Here are my guesses for tonight:

The singularity will be important, both as a plot device, and in a deeper, narrative sense. If nothing else it will be a glimpse of the Eye of God, and of the desire for perfection and unity Anders described in ‘Daybreak, Part 1’, and which so many of the characters have been seeking since the show began. But I also think it will have a role in collapsing time and space, in making all times one, and thus bearing out the show’s oft-repeated promise, that “all of this has happened before and will happen again”.
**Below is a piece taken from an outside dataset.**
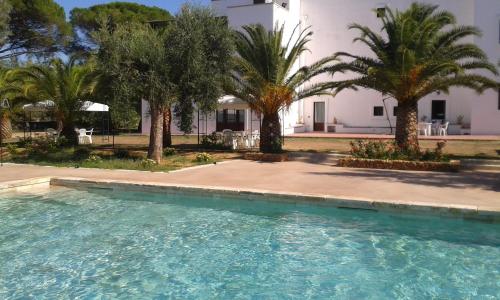 a swimming pool in front of a house with palm trees at Tenuta Afra in Squinzano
Although I’d always assumed they’d kill poor old Starbuck in the final episode, I no longer think they will. Not only has she already died once (thus bearing out her Dionysian aspect by becoming twice-born) but having carefully removed the obstacles posed to her and Lee’s relationship by Dee and Anders, it wouldn’t make sense to go and kill her. More deeply though, she needs to live, and to end up with Lee, because by uniting the Apollonian and Dionysian in a union of opposites, we see a very literal embodiment of the show’s broader concern with the destabilizing of the boundaries between us and them, Human and Other.

That said, a number of other characters will die. Poor old Gaeta is already gone, as is Zarek and the rather dreary Dee, but I think a number more will die tonight. The most obvious is of course the President, though since she’s already dying that won’t be a surprise, but once she’s gone, Adama will die as well, both because he will no longer want to live, and because his death will symbolize the old giving way to the new, in the form of Lee and Starbuck (and indeed the broader Human/Cylon union).

Baltar will die as well, presumably in the final, selfless act we saw so laboriously set up in his conversation with Lee in the first part, thus completing the rather misjudged journey from narcissist to Messiah they’ve had him on since he was acquitted of crimes against humanity and collaboration at the end of Season Three (I’ve always thought the intrusion of the Paradise Lost/Jesus thread was a mistake, but I suppose having begun it they’ll have to play it out).

Beyond that I’m not really sure who will die. Probably Anders/Galactica, but in a way that lets Anders touch the face of God (perhaps in the singularity?). Definitely Boomer, though only after she changes sides one last time, and rescues Hera from Cavil. And Cavil, obviously. Maybe Tigh and Ellen, and perhaps the Chief. But Helo and Athena and Hera will all live, as indeed will all the characters who symbolize union.

And finally, but most importantly, I think we will hear the words which opened the first episode of the original series, “There are those who believe that life here began out there, far across the universe,” invoked in the final moments of tonight’s episode. Somehow (possibly via the singularity) Lee and Starbuck and the surviving Cylons and Humans will turn out to be our own ancestors. I’m not sure how literal this process will be, but it makes sense for a number of reasons. The first is it allows the larger circle between the original series and the revisioned series to be closed. The second is that it means quite literally that all of this has happened before. And the third is because the show is and always has been fundamentally concerned with destabilizing the boundaries between us and them, Human and Other, and while that boundary between Human and Cylon is now completely blurred, making the characters on the show us, and us them, takes it one step further and makes us the descendants of that union, no longer Human, but a mixture of Human and Cylon.

One of the reasons I’m not sure how literal the process will be is because I’m convinced it has something to do with the singularity, and that we will discover not just that the show is our prehistory, but also our future. That will allow the Earth they discovered in the middle of Season Four to be our Earth as well, and will mean that somehow the distant future gives birth to the distant past, so not only has all of this happened before, and will happen again, but in some deep sense, we are all – Human and Cylon, past, present and future – one, and bound together for all eternity.